Stephen:
The report contains a very common error - confusing demand with consumption. Let me define demand as "reported consumption plus/minus change in the sum total of inventory held by users, merchants, producers and exchanges."
The change in demand for a commodity arising solely from change in total inventory can, and documentably often does, exceed short-run change in actual consumption. Therefore, to ignore inventory behavior is to lay the forecaster open to serious error in forecasting supply/demand balance, inventory/consumption ratio, capacity utilization, and resultant price behavior.
As usual, the Asian recession induced significant inventory dumping in many metals, causing the marked retrenchment in pricing of 1998. The flip side of this is that users', merchants' and producers' overall zinc (and other metals) inventory is now quite low as measured in days worth of consumption. So low, in fact, that they appear to have been using LME inventory to supply marginal needs for the metal. A recovery in consumption, without commensurate addition to inventory, would further reduce the inventory/consumption ratio (IC). Hence, on the basis that the IC is now at a very low level, inventory would have to be increased, if just to keep pace with rebounding consumption. Presuming users, merchants and producers keep just 30 days of consumption in inventory, a 2% consumption rebound requires addition of about 16,000 tonnes to inventory.
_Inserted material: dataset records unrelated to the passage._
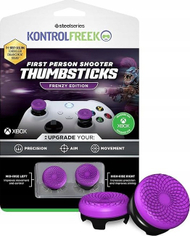 Kape analoge KONTROL FREEK FPS Thumbsticks, për Xbox, set Frenzy Purple, ngjyrë vjollcë
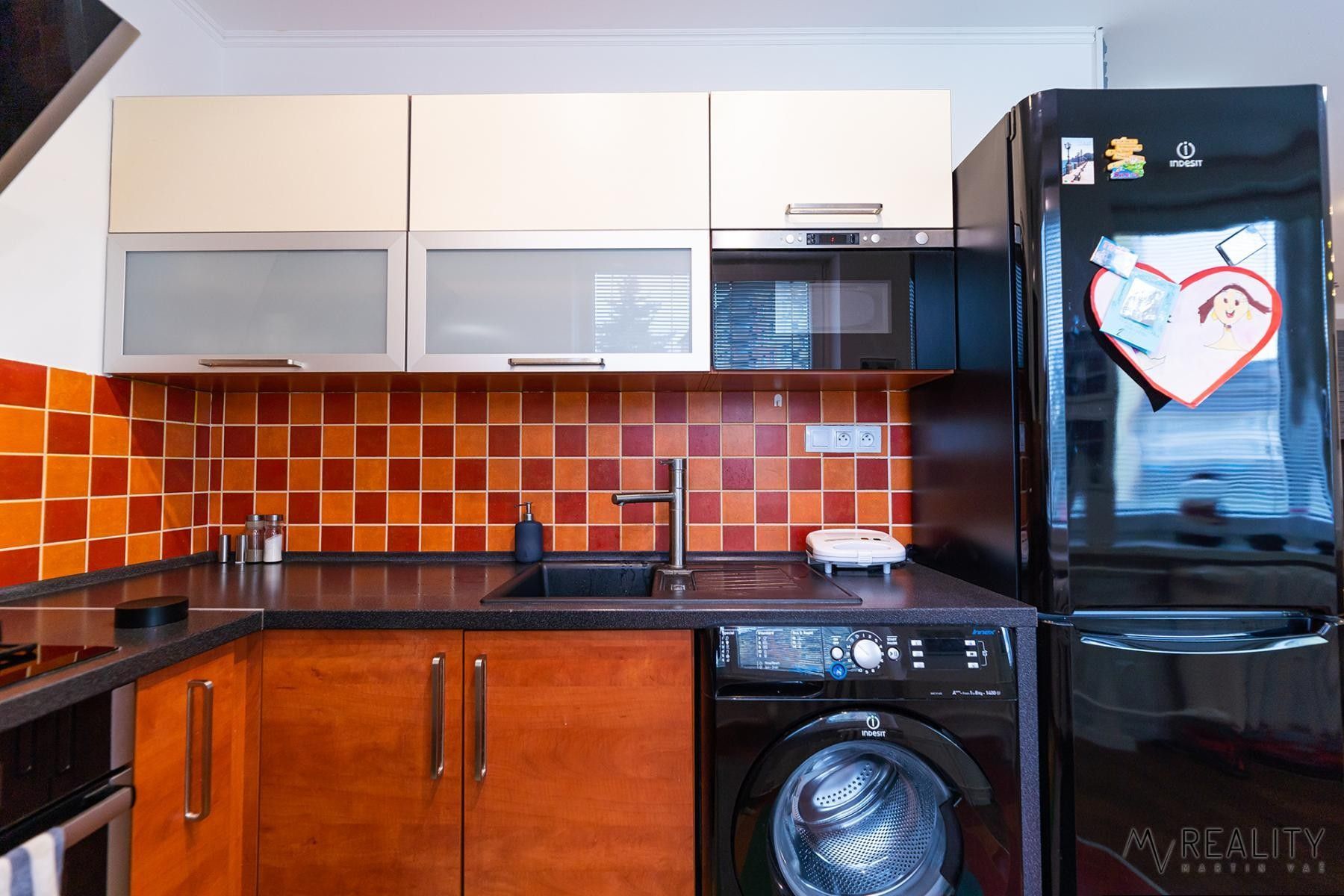 Pronájem byt 2+kk - Gen. Sochora  , Ostrava, 61 m²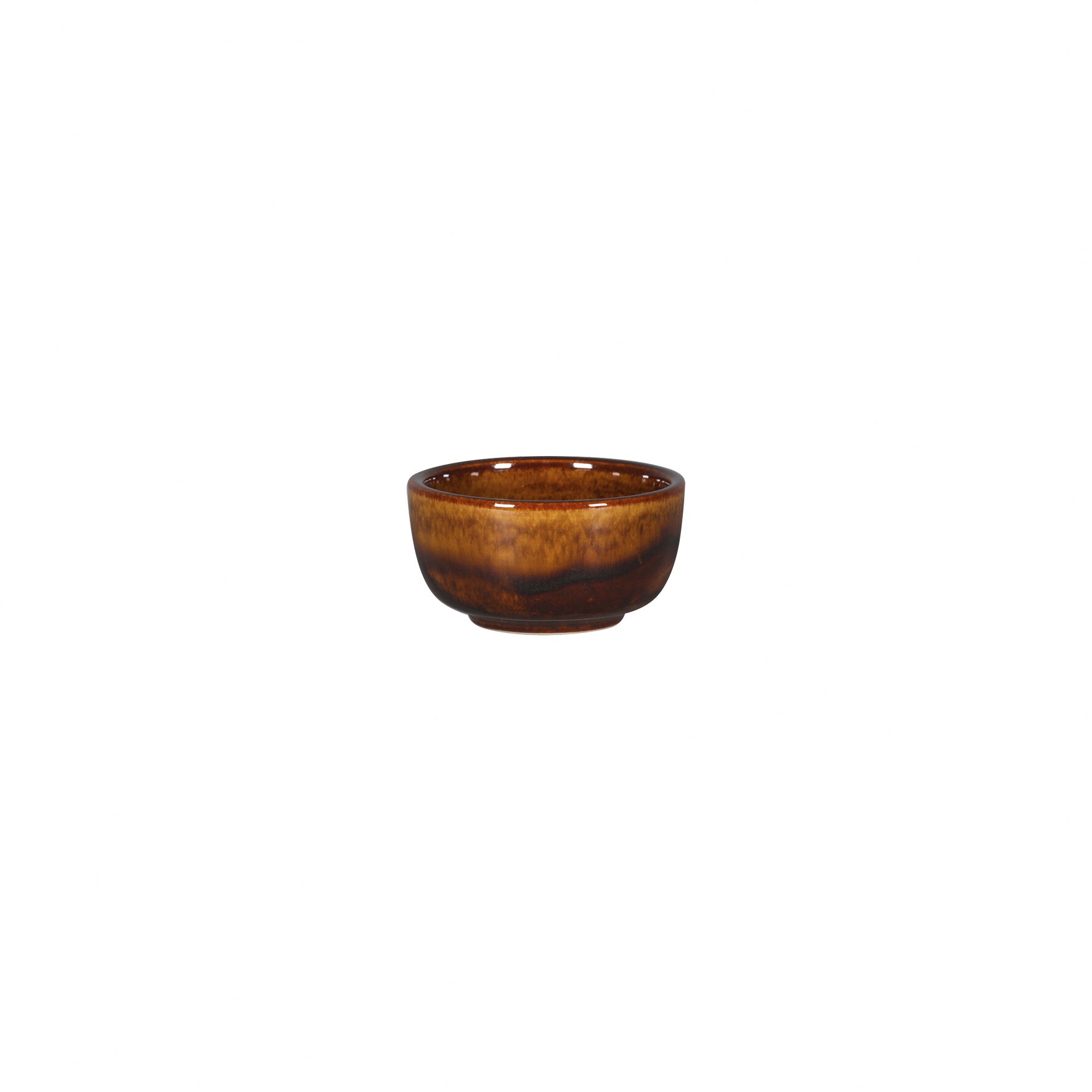 Schälchen 80 mm / 0,10 l honey brown Ease Honey Brown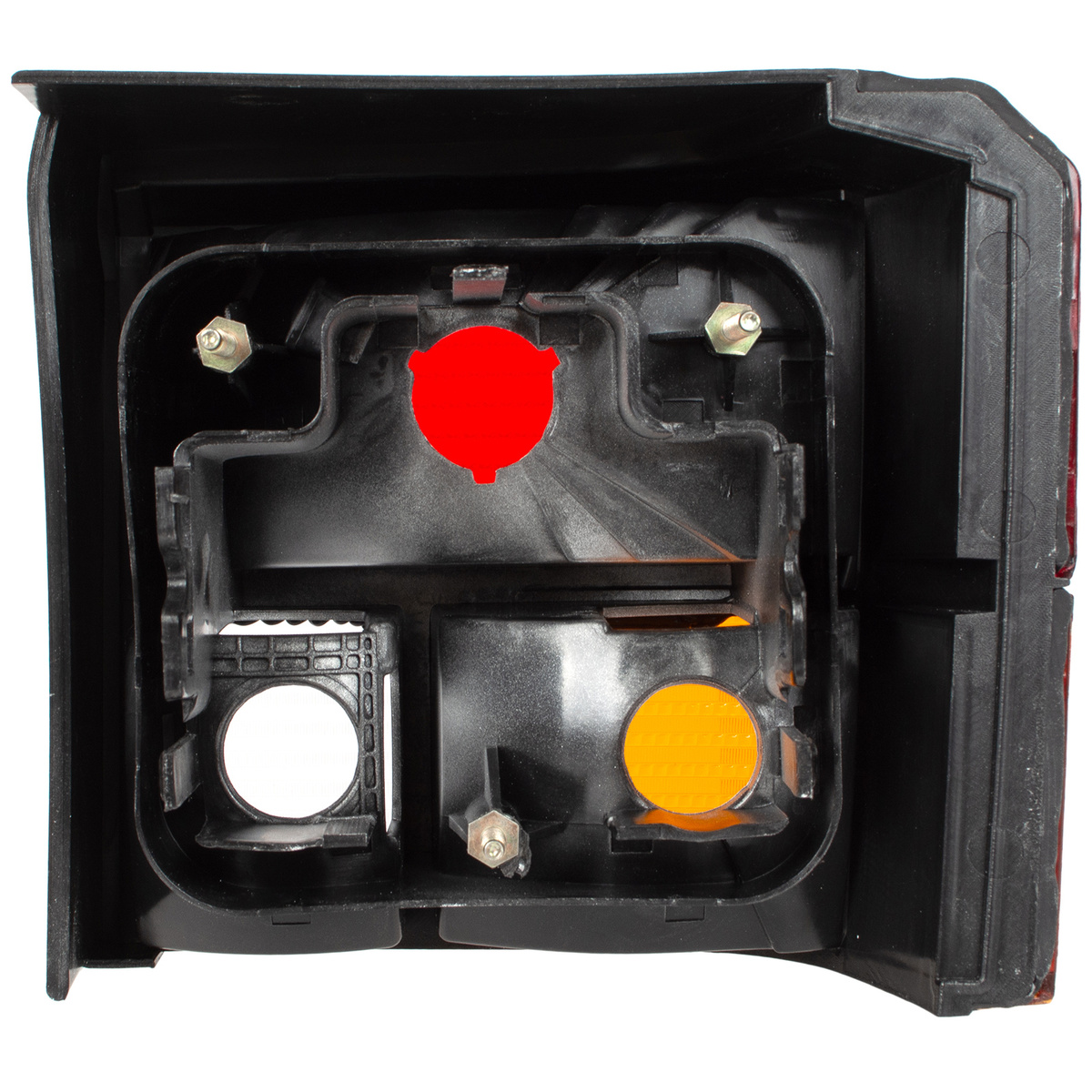 VW T4 90-04 BUS lampa tylna żółto-czerwona lewa *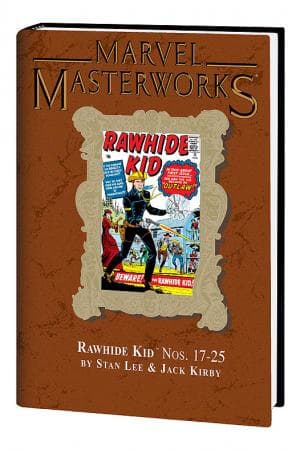 MARVEL MASTERWORKS: RAWHIDE KID (2006)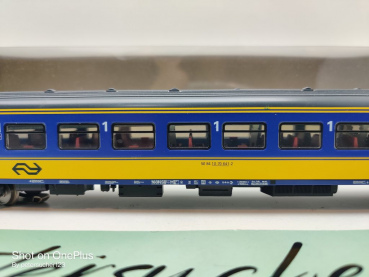 Märklin H0 AC 42652 Großraumwagen 1.Kl / ICR-A10 / NS / OVP weiß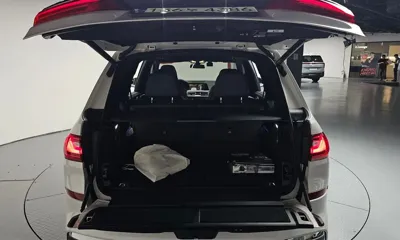 BMW X7 2021, 60091 км, за 75000000 KRW - фото 20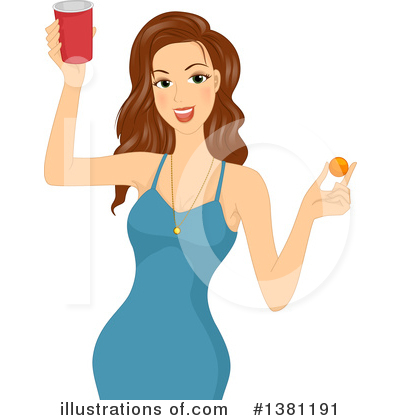 Beverage Clipart #1381191 by BNP Design Studio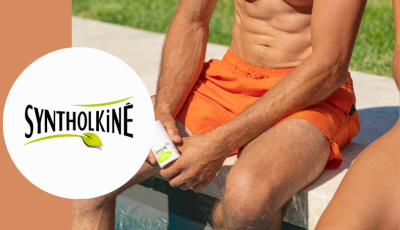Testez gratuitement le roll-on et crème-gel de massage de SyntholKiné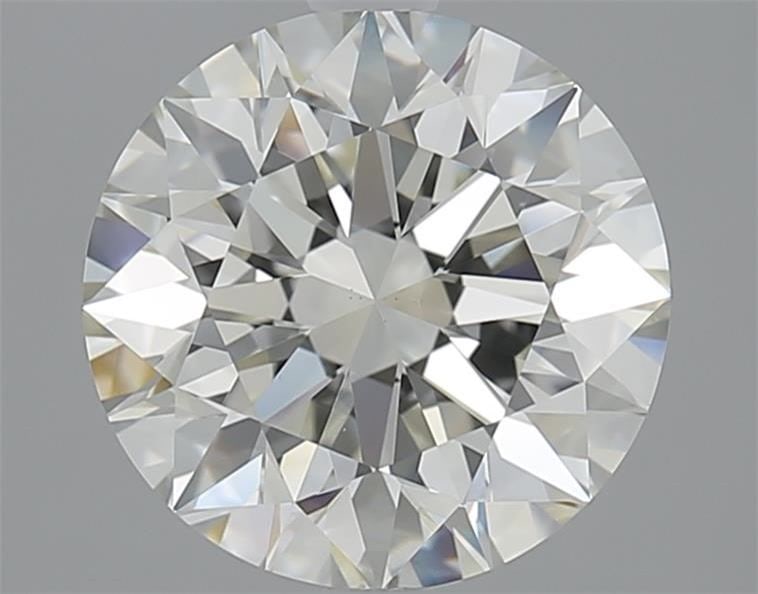 Loose Diamond - ROUND 3.01ct L VS1 (1 of 1)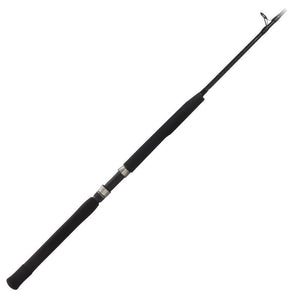 Shimano Tallus TLC59XHRS Slick Butt Roller Rod - Black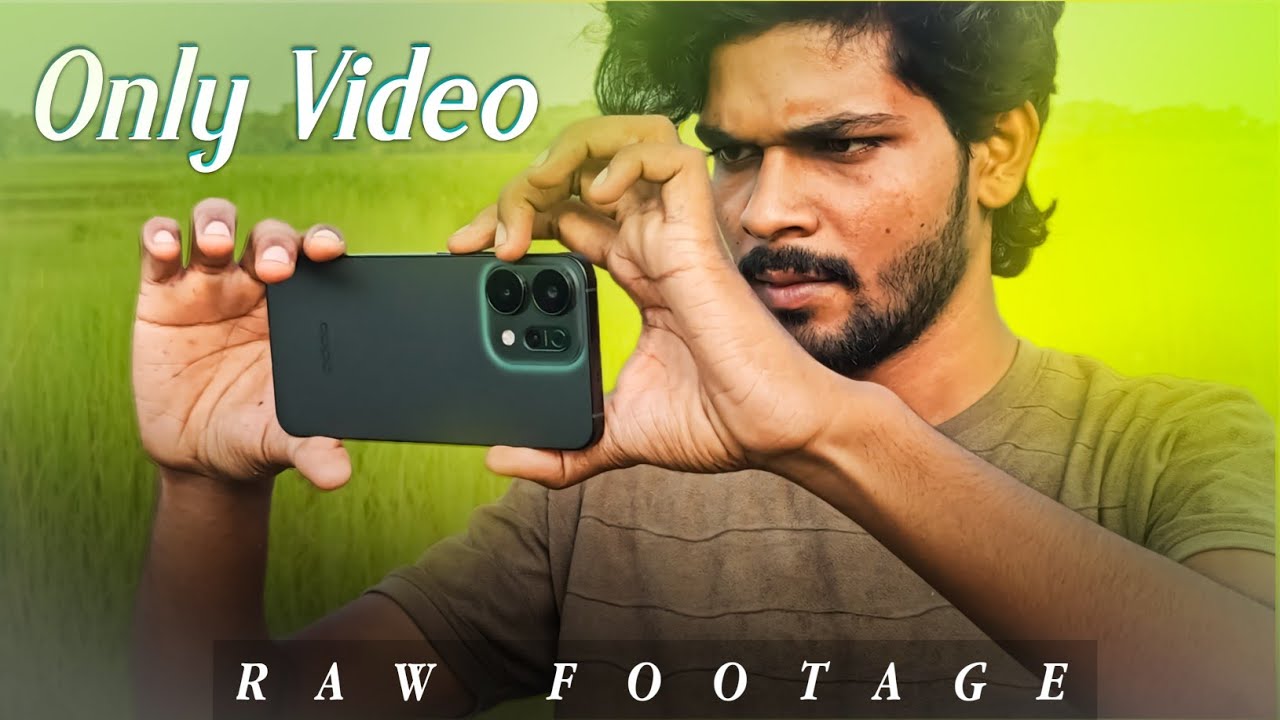 Overall VIDEO Recording 📷 TEST Of OPPO RENO 14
Increasing the I/C ratio (as usually happens during economic recovery)to 32 days requires adding another 43,835 tonnes to inventory.
It is probable, therefore, that additional demand for approximately 60,000 tonnes of zinc will arise from inventory restocking. Imagine what additional demand could arise if users sense a shortage developing and decide to stock up big time to hedge against shortage? Historically, such actions can become very self-fulfilling.